__Dataset entries__
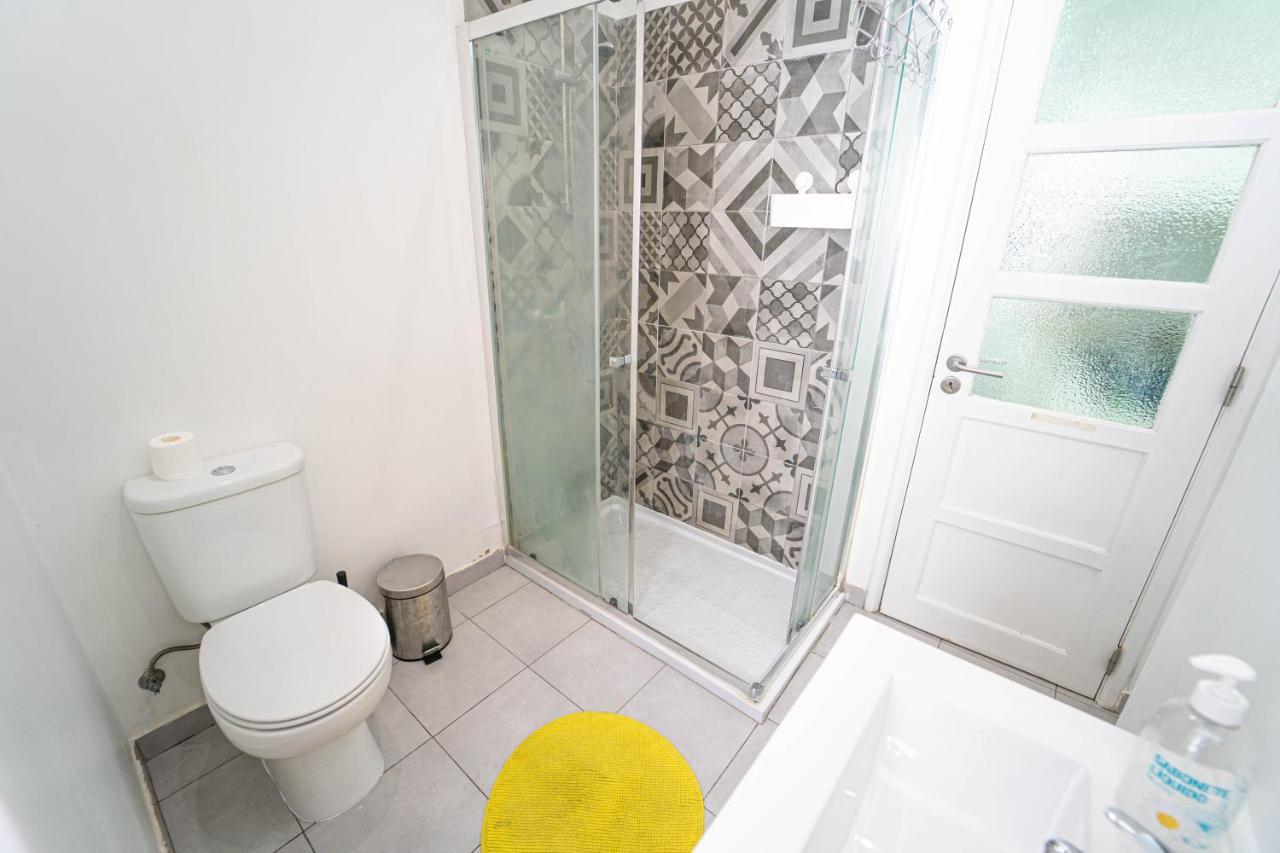 Homestay Lisbon Stays *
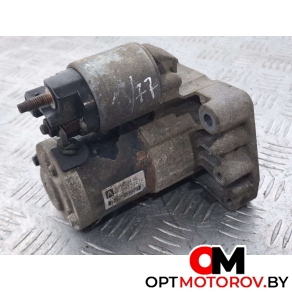 Стартер  Peugeot 207 1 поколение [рестайлинг] 2012 V764559580, M000T32272 #4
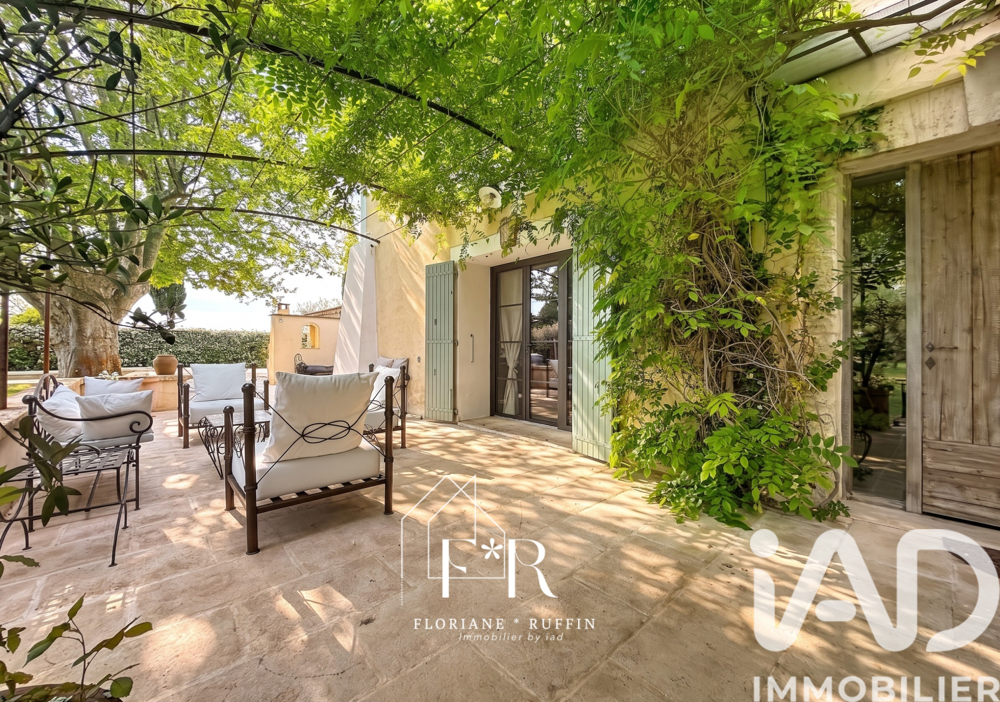 � vendre  Maison Pernes-les-Fontaines (84210)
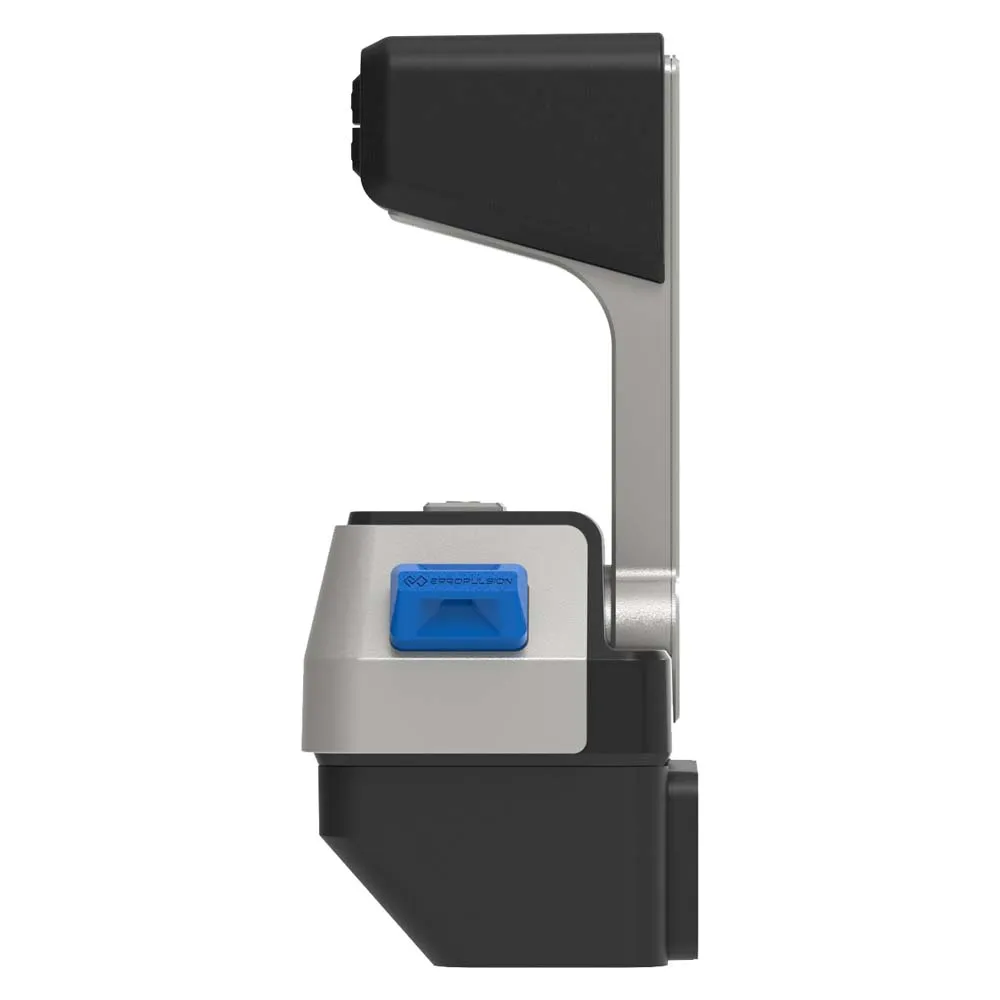Купить Epropulsion xs-ac03-00-xs-ac03 Умный выключатель дроссельной заслонки Black 12x10x10 7ft.ru в интернет магазине Семь Футов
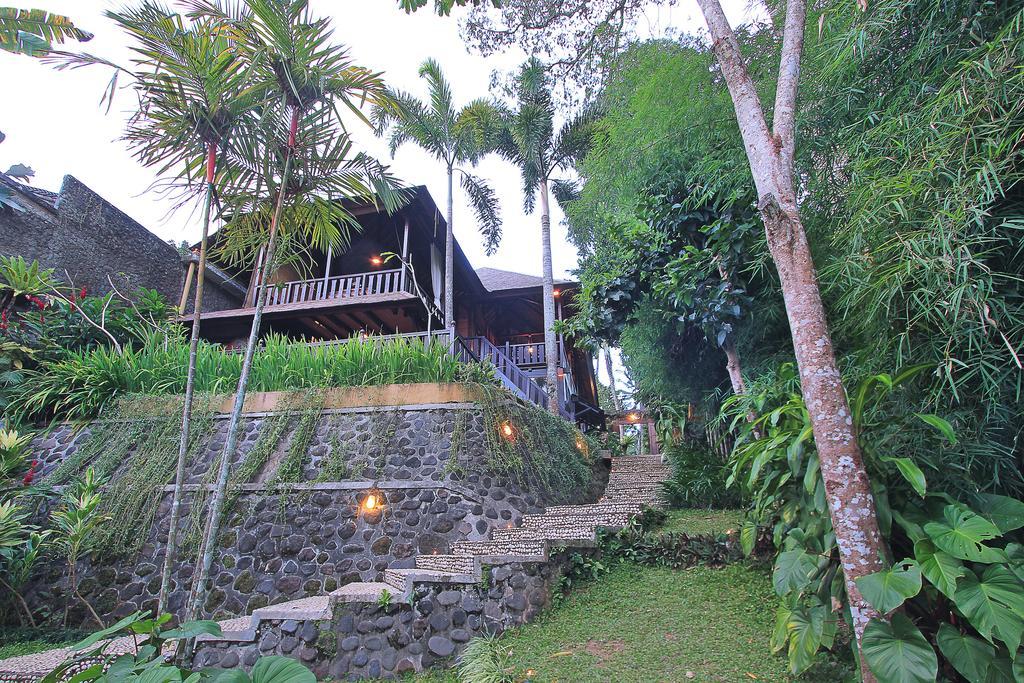Graha Moding Holiday park Ubud (Bali)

__Activity__
In the records above, find the line containing "Купить Epropulsion xs-ac03-00-xs-ac03" and restate it and every line after it word for word, all pictures excluded.

__Reply__
Купить Epropulsion xs-ac03-00-xs-ac03 Умный выключатель дроссельной заслонки Black 12x10x10 7ft.ru в интернет магазине Семь Футов
Graha Moding Holiday park Ubud (Bali)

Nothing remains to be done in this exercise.